(Stored dataset items)
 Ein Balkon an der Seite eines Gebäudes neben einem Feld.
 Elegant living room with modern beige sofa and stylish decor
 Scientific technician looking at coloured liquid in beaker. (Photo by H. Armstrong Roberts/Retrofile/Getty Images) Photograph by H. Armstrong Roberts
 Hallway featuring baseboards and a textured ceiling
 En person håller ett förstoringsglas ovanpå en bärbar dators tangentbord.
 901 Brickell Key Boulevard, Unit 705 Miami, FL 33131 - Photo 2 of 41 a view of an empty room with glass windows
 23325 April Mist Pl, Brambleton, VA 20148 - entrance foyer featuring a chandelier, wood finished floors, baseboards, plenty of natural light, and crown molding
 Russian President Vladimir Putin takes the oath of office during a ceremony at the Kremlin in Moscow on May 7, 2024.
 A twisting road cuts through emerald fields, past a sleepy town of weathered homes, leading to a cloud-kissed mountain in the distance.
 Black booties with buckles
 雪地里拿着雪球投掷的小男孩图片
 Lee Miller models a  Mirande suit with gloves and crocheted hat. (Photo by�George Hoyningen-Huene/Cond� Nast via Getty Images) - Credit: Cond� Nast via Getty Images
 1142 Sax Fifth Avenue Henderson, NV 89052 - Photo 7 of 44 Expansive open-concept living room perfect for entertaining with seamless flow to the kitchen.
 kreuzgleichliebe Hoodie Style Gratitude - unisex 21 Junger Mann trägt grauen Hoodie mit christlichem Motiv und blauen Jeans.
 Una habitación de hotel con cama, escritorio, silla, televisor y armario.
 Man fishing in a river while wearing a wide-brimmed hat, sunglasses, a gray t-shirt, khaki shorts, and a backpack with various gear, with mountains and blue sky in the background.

THE TASK: Exactly reproduce the lines that run from the line with "Elegant living room" through the last line of the records, inclusive.

THE COMPLETED TASK:
 Elegant living room with modern beige sofa and stylish decor
 Scientific technician looking at coloured liquid in beaker. (Photo by H. Armstrong Roberts/Retrofile/Getty Images) Photograph by H. Armstrong Roberts
 Hallway featuring baseboards and a textured ceiling
 En person håller ett förstoringsglas ovanpå en bärbar dators tangentbord.
 901 Brickell Key Boulevard, Unit 705 Miami, FL 33131 - Photo 2 of 41 a view of an empty room with glass windows
 23325 April Mist Pl, Brambleton, VA 20148 - entrance foyer featuring a chandelier, wood finished floors, baseboards, plenty of natural light, and crown molding
 Russian President Vladimir Putin takes the oath of office during a ceremony at the Kremlin in Moscow on May 7, 2024.
 A twisting road cuts through emerald fields, past a sleepy town of weathered homes, leading to a cloud-kissed mountain in the distance.
 Black booties with buckles
 雪地里拿着雪球投掷的小男孩图片
 Lee Miller models a  Mirande suit with gloves and crocheted hat. (Photo by�George Hoyningen-Huene/Cond� Nast via Getty Images) - Credit: Cond� Nast via Getty Images
 1142 Sax Fifth Avenue Henderson, NV 89052 - Photo 7 of 44 Expansive open-concept living room perfect for entertaining with seamless flow to the kitchen.
 kreuzgleichliebe Hoodie Style Gratitude - unisex 21 Junger Mann trägt grauen Hoodie mit christlichem Motiv und blauen Jeans.
 Una habitación de hotel con cama, escritorio, silla, televisor y armario.
 Man fishing in a river while wearing a wide-brimmed hat, sunglasses, a gray t-shirt, khaki shorts, and a backpack with various gear, with mountains and blue sky in the background.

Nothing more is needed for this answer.